Since getting Akiyo, his colors have really popped. His fins remind me of a rainbow <3

ps. he doesnt usually sit on the bottom of the tank. it seems every picture i get of him hes on the bottom of the tank. Those are the ones that come out good haha










Heres one of his smimming.


----------



## Scienceluvr8 (May 17, 2009)

Aww, he is so cute, he really is a rainbow lol. Where did you get him?


----------



## Philip The Fish (Apr 25, 2009)

Scienceluvr8 said:


> Aww, he is so cute, he really is a rainbow lol. Where did you get him?
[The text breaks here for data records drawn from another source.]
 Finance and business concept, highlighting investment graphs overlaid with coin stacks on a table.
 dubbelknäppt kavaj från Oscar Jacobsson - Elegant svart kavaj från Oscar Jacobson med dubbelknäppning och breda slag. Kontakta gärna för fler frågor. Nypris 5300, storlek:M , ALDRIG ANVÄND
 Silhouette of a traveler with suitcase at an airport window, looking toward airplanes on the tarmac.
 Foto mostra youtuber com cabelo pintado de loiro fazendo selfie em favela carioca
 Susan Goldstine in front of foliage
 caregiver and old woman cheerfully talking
i got him at Petco. He caught my eye and he looked pretty sad in his little cup so i took him home.


----------



## IonBaller07 (Mar 29, 2009)

Wow very pretty, I like his scales, kinda reminds me of the dragon trait.


----------



## LiyahsGrandma (May 29, 2009)

Wow what a cute lil betta


----------



## dramaqueen (Jul 7, 2008)

He's very pretty!


----------



## ashleyALE (Jul 1, 2008)

so gorgeous!


----------



## Luchi (May 20, 2009)

Love his fins!


----------



## TianTian (Apr 14, 2009)

Handsome fish!  I love that dark eye over all the white! 
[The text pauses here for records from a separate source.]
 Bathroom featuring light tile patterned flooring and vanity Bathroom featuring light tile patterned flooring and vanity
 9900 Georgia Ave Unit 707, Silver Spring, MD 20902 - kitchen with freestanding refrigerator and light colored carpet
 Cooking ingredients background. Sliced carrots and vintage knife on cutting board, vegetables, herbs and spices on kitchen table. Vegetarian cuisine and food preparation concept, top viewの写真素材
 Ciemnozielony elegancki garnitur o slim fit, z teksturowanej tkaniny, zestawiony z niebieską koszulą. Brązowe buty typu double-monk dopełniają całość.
At least he's at the bottom where you can see him. Tian-Tian always hides either in his castle or plant, and Taco just swims so fast it's difficult to get a decent photo of either! XD


----------



## fishboy95 (Jun 16, 2009)

Very unique. and beautiful


----------



## dramaqueen (Jul 7, 2008)

Petco always seems to have such pretty bettas. I wish I had a Petco in my area.


----------



## Philip The Fish (Apr 25, 2009)

dramaqueen said:


> Petco always seems to have such pretty bettas. I wish I had a Petco in my area.
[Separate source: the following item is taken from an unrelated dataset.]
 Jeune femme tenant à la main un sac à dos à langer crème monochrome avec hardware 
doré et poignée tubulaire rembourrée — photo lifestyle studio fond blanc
yah i really like petco bettas. They're pretty when you get them, but then they get even prettier in time once they're in better conditions. though i went in today and there were a few that were fine wednesday and dead today =/ that always makes me sad.


----------



## alphabetta (Jun 16, 2009)

he is a truly amazing betta, the metalic blue colour is unpopular but to me is one of the nicest a betta can obtain. a bit scrappy round the gills, which could mean overfeeding. I like the substrate, round black and not too big or small. is there any decor?


----------



## Philip The Fish (Apr 25, 2009)

alphabetta said:


> he is a truly amazing betta, the metalic blue colour is unpopular but to me is one of the nicest a betta can obtain. a bit scrappy round the gills, which could mean overfeeding. I like the substrate, round black and not too big or small. is there any decor?


yah im currently fasting him cause i think hes constipated =/ its been 2 days so far. he'll get a pea in a day or two. 

No one has decor yet (Ankur has a lame plastic plant). Next pay day everyones getting plants and fun stuff to hide in. Im trying to figure out how to decorate his and brutus's tanks because they are round with a light in the middle that lights up the bubbles. Ill probably just put everything in the back....


----------



## minda (Dec 17, 2011)

I just got a female betta that's about like your male-- pale, white body, but with fins that start out at the base in blue, then go to a green, and finally at the tip of the fin, they're red. She's about the prettiest betta female I've ever seen... and yes, I got her at PETCO.


----------



## dramaqueen (Jul 7, 2008)

This thread is 2 and a half years old. Please check dates before posting. Thank you.


----------